Update 11 a.m.: Hurricane Irma is expected to strengthen to a category 4 storm in the next 24 hours and maintain that power for the next five days, the National Hurricane Center said at its late morning update.
That curve that would turn Irma north and out to sea before striking Florida remains absent from the National Hurricane Center’s 11 a.m. update.
Instead the forecast path has flattened even further since the center’s 8 a.m. update, taking the storm closer to Cuba’s north shore by Saturday morning, but that cone of possibility is wide.
The forecasters continue to expect Irma to turn north likely Tuesday, but it is too soon to tell if, when and where the storm will make landfall in the continental U.S.
Not only is a high pressure system in the Atlantic in play, but so too is a weather trough over the eastern U.S. How and when they move will influence Irma’s path.
For now, Hurricane Irma is a category 3 storm that is churning about 560 miles east of the Leeward Islands with maximum sustained winds of 120 mph.
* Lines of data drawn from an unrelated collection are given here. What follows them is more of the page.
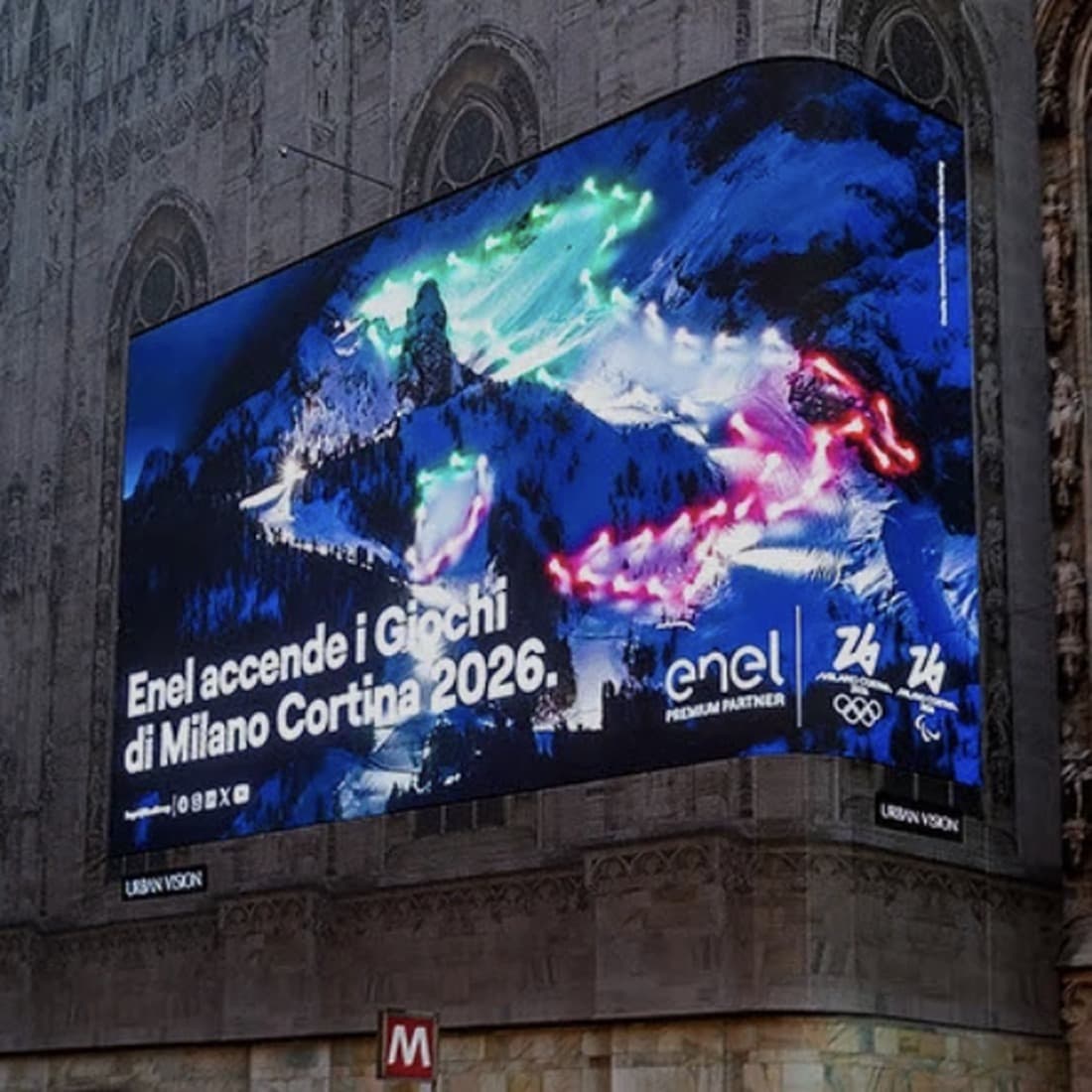 Enel Milano Cortina 2026 — billboard on the Duomo facade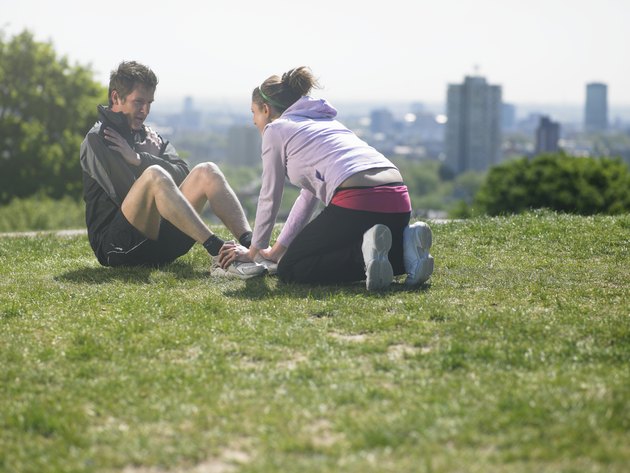 Woman helping man doing sit-ups on grass, city in background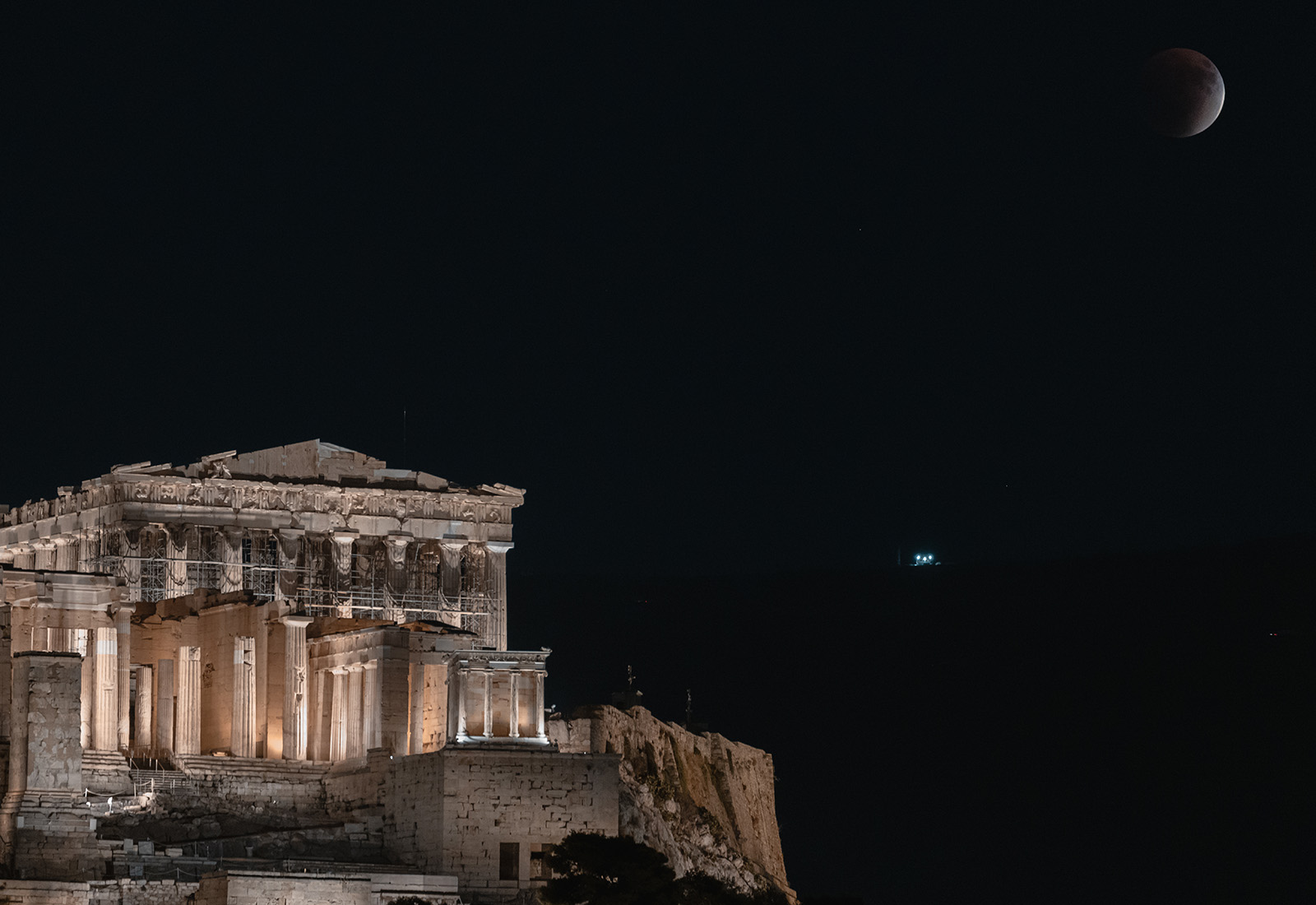 A total lunar eclipse, known as a ''blood moon,'' rises beside the illuminated Parthenon temple at the Acropolis in Athens, Greece, on September 7, 2025.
It is moving west-southwest at 14 mph.
In more immediate danger are the islands in Irma’s path.
“Irma could directly affect the British and U.S. Virgin Islands and Puerto Rico as a dangerous major hurricane later this week. Hurricane watches have been issued for these areas, and tropical-storm-force winds could arrive in these areas by early Wednesday,” according to the forecast discussion.
Original post: That curve to the north – and eventually out into the Atlantic – that everyone in South Florida was hoping to see Hurricane Irma take isn’t happening as quickly as earlier models had predicted. The National Hurricane Center’s 8 a.m. update Monday drives the storm’s path in a flatter, westbound path that puts it closer Cuba’s shores by early Saturday morning.
Hurricane Irma remains a Category 3 storm with maximum sustained winds of 120 mph as it spins about 610 miles east of the Leeward Islands. It is moving west southwest at 14 mph.
Forecasters say the high pressure system over the central Atlantic is what is making it increasingly likely that Irma will stay on this flatter west-northwest path three to five days from now, keeping the storm from turning north earlier.
The hurricane center is due to issue an update on Irma’s intensity in the next few hours, but the storm is expected to maintain intensity over the next five days, if not strengthen.